Comparison of kinetic analysis methods to compute DVR parametric images from PiB-PET dynamic data in regard to noise-induced bias.

1735 Objectives Noise-induced bias on the estimation of distribution volume ratio (DVR) with four kinetic analysis methods was examined in view of parametric image (PI) generation from PiB-PET data of human subjects: (i) relative-equilibrium graphical plot (REplot) (Zhou, NeuroImage 44:661, 2009); (ii) receptor parametric mapping with fixed efflux rate constant (RPM2) (Gunn, NeuroImage 6:279, 1997) which is a modification of SRTM; (iii) Logan graphical analysis with reference region (LGAR); and (iv) two-parameter multilinear reference tissue model (MRTM2) (Ichise, JCBFM 23:1096, 2003). Methods Two normal controls and two Alzheimer patients underwent a brain dynamic scan for 70-90 min starting injection of 11C-PiB (average 578.4MBq). Regions of interest (ROIs) were placed over the cerebral cortical areas as target regions and cerebellum as reference region. The DVR values for ROIs were estimated by the four methods. Meanwhile, pixel-wise time activity curves (TACs) were generated from the 11C-PiB dynamic data of one Alzheimer patient and fitted with the full kinetic model (MRTM2) to obtain the ideal original TACs. Zero mean Gaussian noise (85% noise corresponding to pixel TAC noise) was added to the original TACs, from which DVR-PIs were generated with the four methods.
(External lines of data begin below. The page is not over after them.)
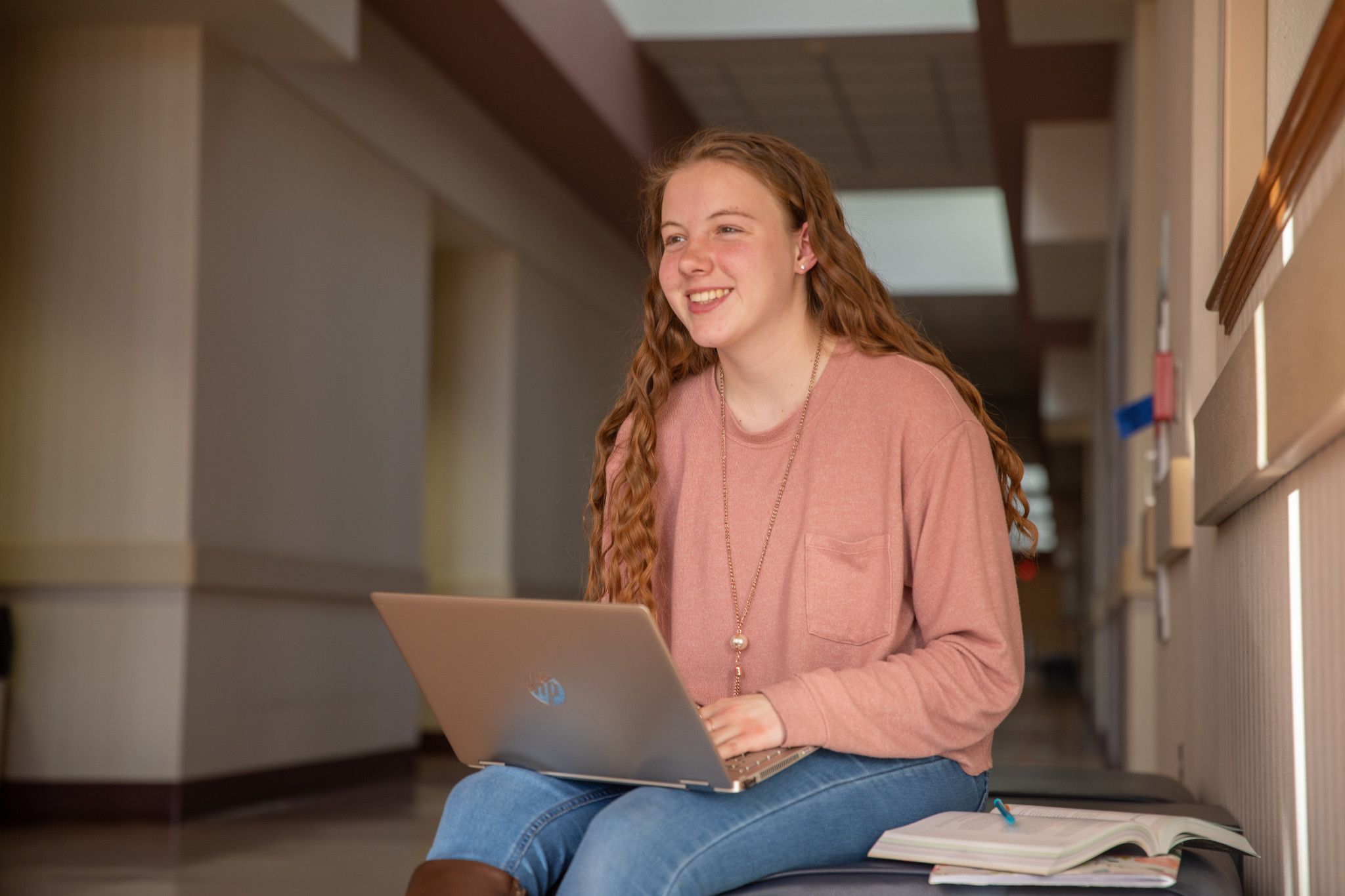 N A U student smiles while working on their laptop.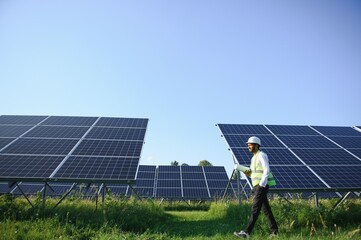 Portrait young indian technician or manager wearing formal cloths standing with solar panel....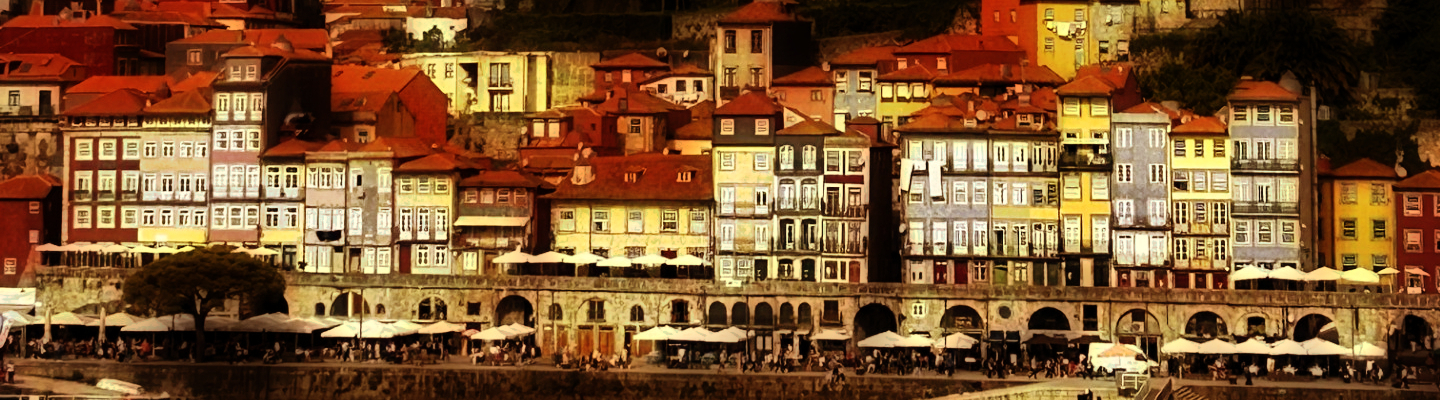 Photographie d'une vue de la ville de Porto. Le quai, les maisons traditionnelles hautes et étroites enchevêtrées.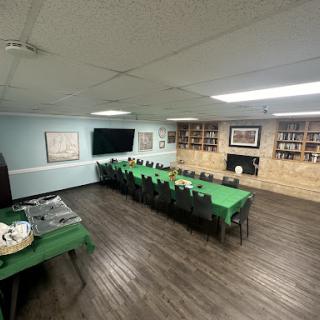 A spacious meeting room set up with a long table covered in green cloths, featuring shelves and a TV on the wall.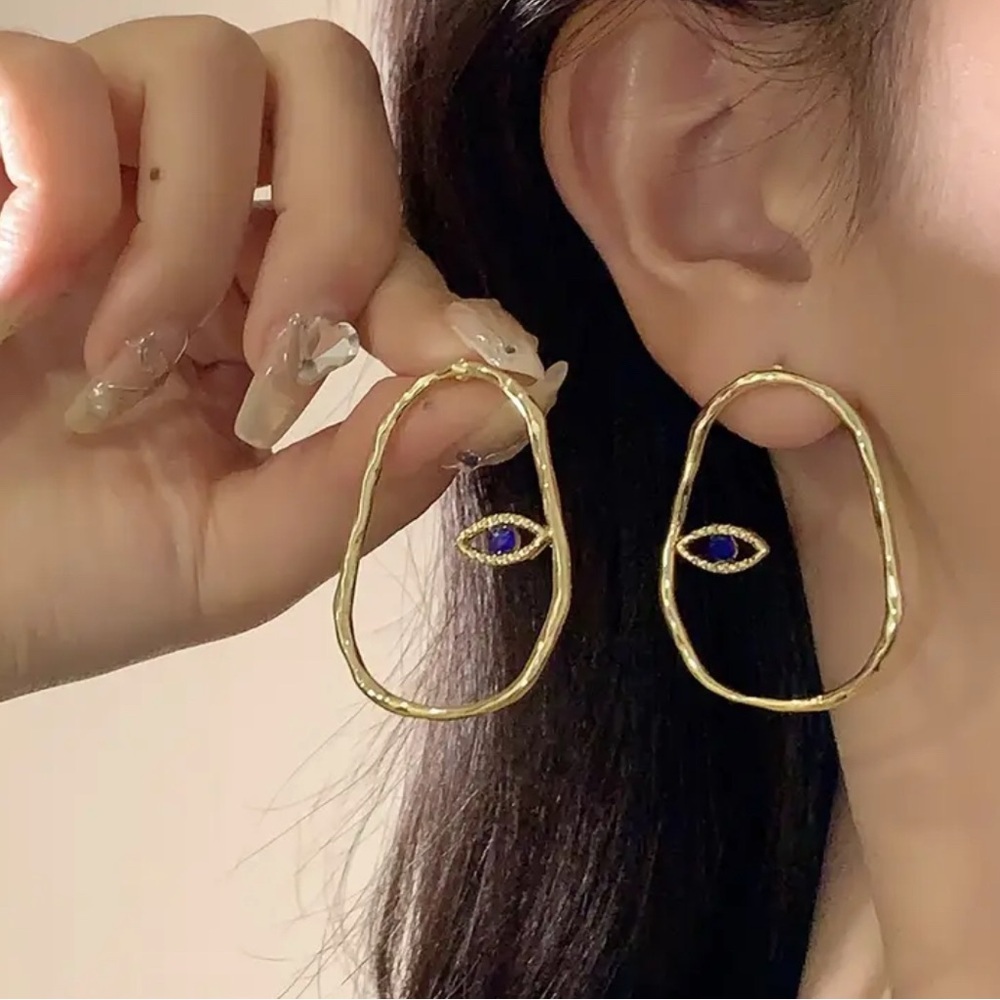 Stamped Gold tone oval earrings with subtle Evil eye Earrings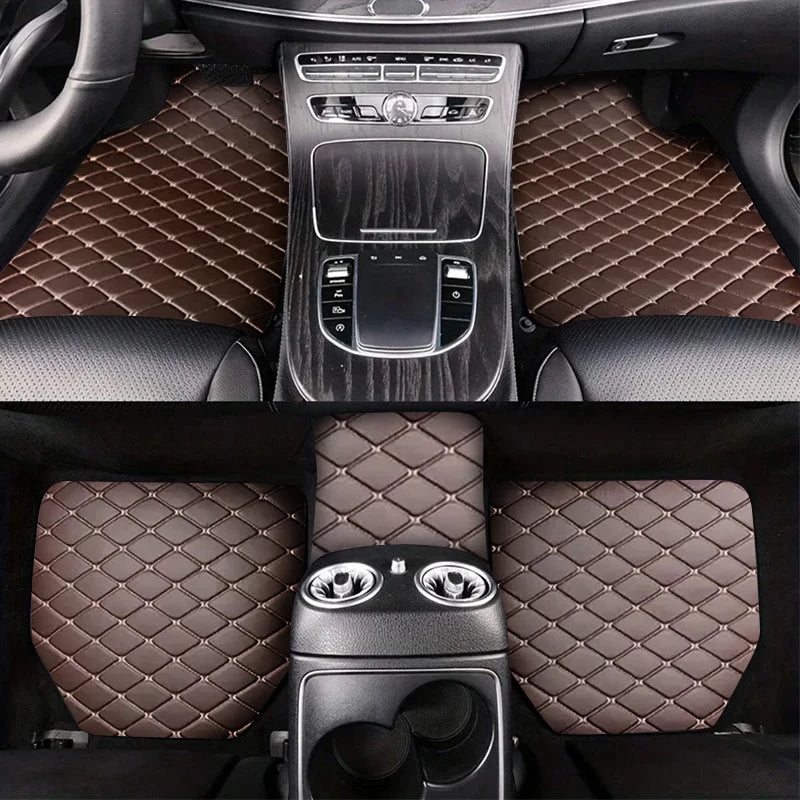 Brown diamond-stitched car floor mats covering the front and rear footwells of a luxury vehicle.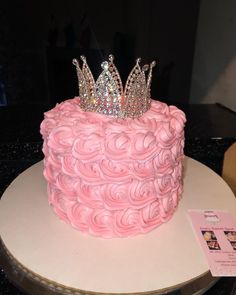 there is a pink cake with a crown on top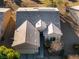 A close aerial view of a beige single-story home with an attached garage and desert landscaping and solar panels at 7505 Chaffinch St, North Las Vegas, NV 89084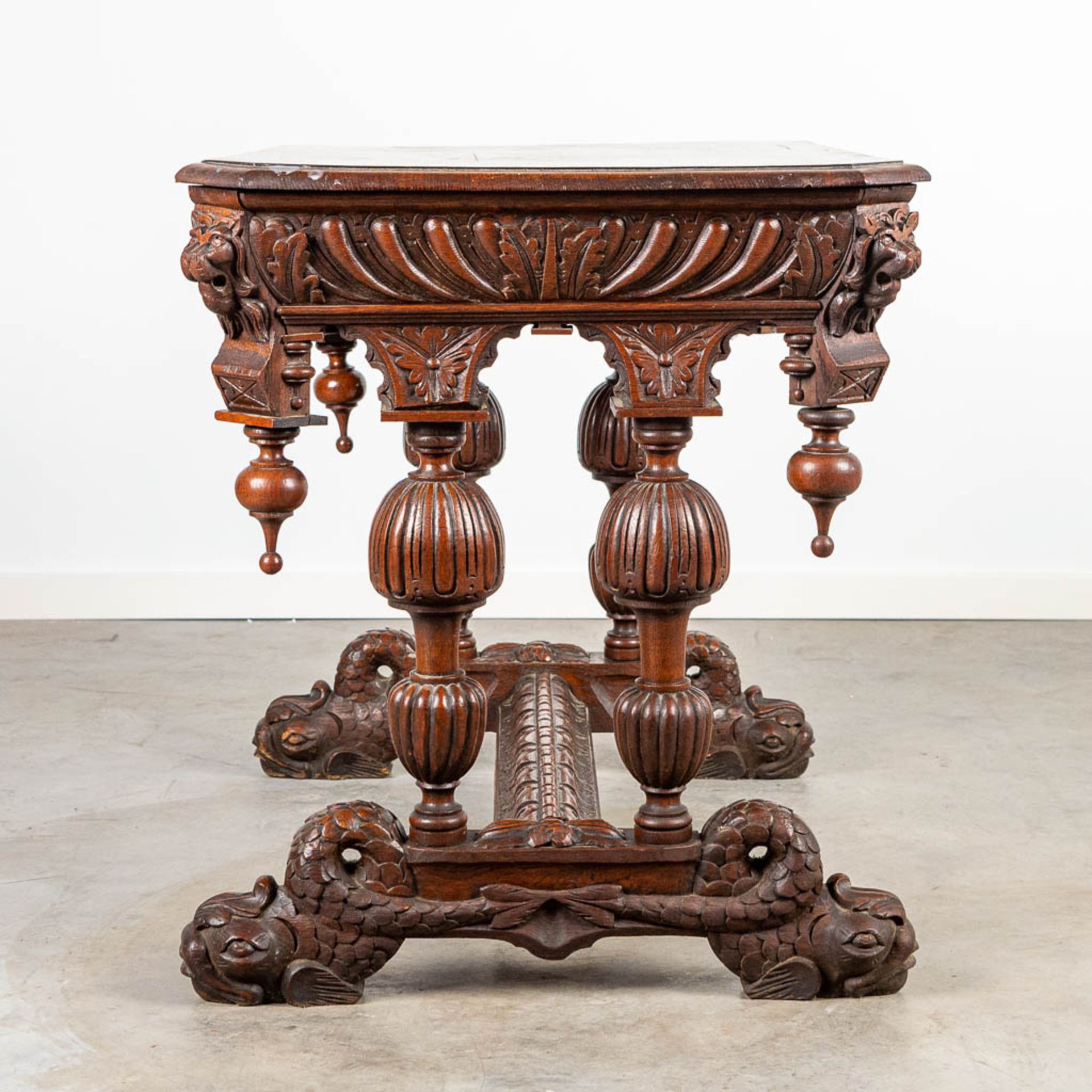 A desk made of oak and decorated with wood sculptured Dolphins. - Image 5 of 9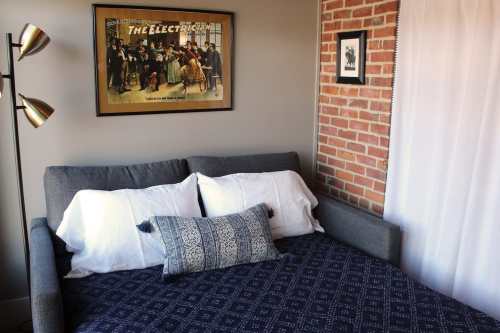 Cozy bedroom with a gray sofa bed, decorative pillows, and a vintage poster on the wall, featuring exposed brick.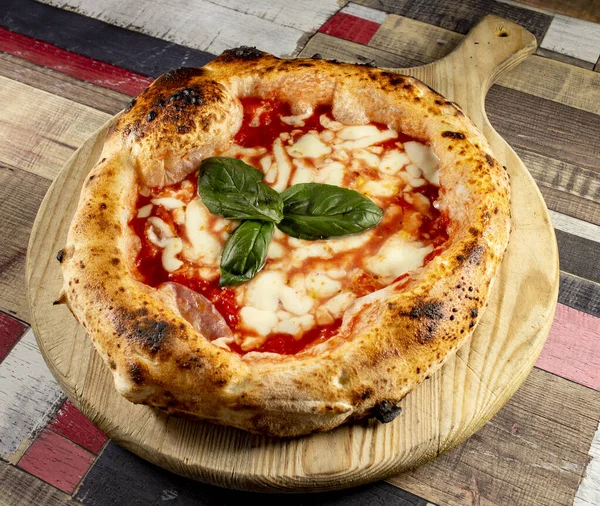 Tahta bir masanın üzerinde doğranmış İtalyan pizzası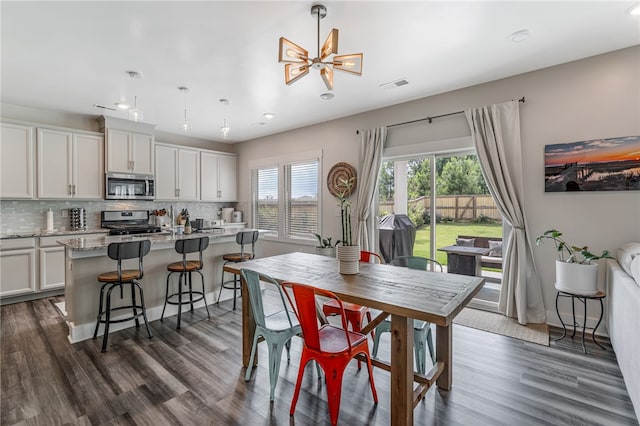 210 Obsidian Ct, Simpsonville, SC 29680 - dining room with recessed lighting, dark wood-type flooring, and a chandelier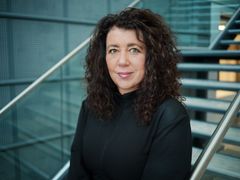 Generalsekretær står foran en moderne trapp i et bygg med metalliske detaljer.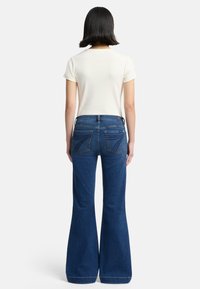 Dzwony w ciemnym denimu, z talią na poziomie średnim, tylnymi kieszeniami ozdobionymi subtelnym przeszyciem oraz gładką fakturą.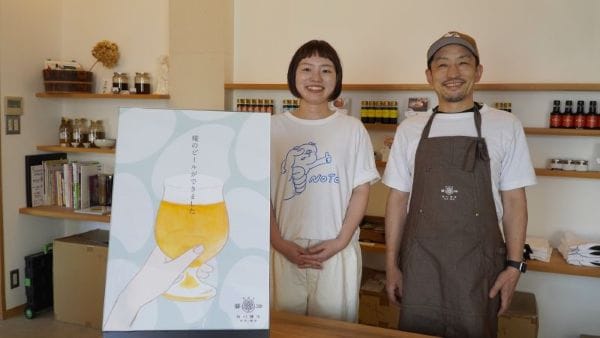 麹のクラフトビールをアイテムに加えた谷川醸造の谷川貴昭さん(右)と千穂さん=7月31日、輪島市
Results In the ROI analysis, RPM2 and MRTM2 tended to provide higher DVR estimates than LGAR and REplot. Under noise free condition, REplot generated DVR values slightly lower than the other methods. Under 85% noise, LGAR showed substantial underestimation of DVR, and MRTM2 showed overestimation together with noise expansion, especially in high DVR pixels. On the other hand, both RPM2 and REplot derived much less biased estimation of DVR. The bias due to 85% noise was -0.292+/-0.233 (mean+/-SD) by REplot, -0.113+/-0.161 by RPM2, -1.071+/-0.434 by LGAR, and 0.212+/-0.869 by MRTM2. Conclusions Among the four methods, RPM2 may derive the most precise and the least biased estimate of DVR.